Imagino a visitantes internacionales recorriendo el Estadio Nacional, el Monumental o Matute y descubriendo al mismo tiempo la historia social y cultural de Lima. Imagino experiencias que unan la pasión futbolera con mercados tradicionales, gastronomía local, música criolla y festividades populares. Imagino viajeros que llegan atraídos por un acontecimiento deportivo y terminan pasando varios días adicionales explorando destinos como Arequipa, Cusco, Trujillo, el Valle Sagrado o la Amazonía.
Esa conexión resulta especialmente importante para un país que todavía depende en gran medida de unos pocos íconos turísticos. Machu Picchu seguirá siendo nuestra principal carta de presentación, pero Perú necesita mostrar al mundo la amplitud y diversidad de su oferta. Un éxito deportivo podría ayudar precisamente a eso: abrir una puerta para que nuevos destinos ganen visibilidad internacional.

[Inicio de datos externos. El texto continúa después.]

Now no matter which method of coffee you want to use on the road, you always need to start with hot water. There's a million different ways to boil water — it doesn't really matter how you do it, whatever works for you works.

Por supuesto, la oportunidad también exige preparación. Una mayor atención internacional requiere mejores servicios, buena conectividad, espacios públicos ordenados y experiencias auténticas capaces de satisfacer expectativas cada vez más exigentes. La reputación se construye con emociones, pero se consolida con experiencias positivas.
El desafío no sería atraer visitantes por un momento de euforia deportiva. El verdadero objetivo debería ser convertirlos en embajadores espontáneos del país. Personas que regresen a sus hogares hablando no solo de un logro futbolístico, sino también de la hospitalidad peruana, de la calidad de nuestra gastronomía, de la riqueza de nuestro patrimonio y de la diversidad de nuestros territorios.
Al final, el deporte y el turismo comparten una característica esencial: ambos generan recuerdos que perduran mucho más allá del momento vivido. La celebración de un campeonato puede durar algunos días. La atención mediática, algunas semanas. Pero el impacto sobre la imagen de un país puede extenderse durante años si existe una visión estratégica detrás.
El Mundial ha terminado y España comenzará ahora a capitalizar la enorme visibilidad que le ha dado su triunfo. Quizás para Perú la lección más valiosa no esté en el resultado deportivo en sí mismo, sino en comprender el poder que tiene el fútbol para proyectar una nación ante el mundo.
Si bien es difícil imaginar un próximo logro deportivo, cualquier hito (desde la clasificación al Mundial 2030, un buen papel en una Copa América, etc.) tendría la capacidad de atraer la atención internacional. La diferencia estará en cómo decidamos aprovecharla.
Porque el verdadero triunfo no será únicamente ganar partidos. Será conseguir que, gracias al fútbol, más personas descubran un país extraordinario que tiene mucho más que ofrecer que noventa minutos de juego. Y ese, para el turismo peruano, podría ser un campeonato tan importante como cualquier trofeo.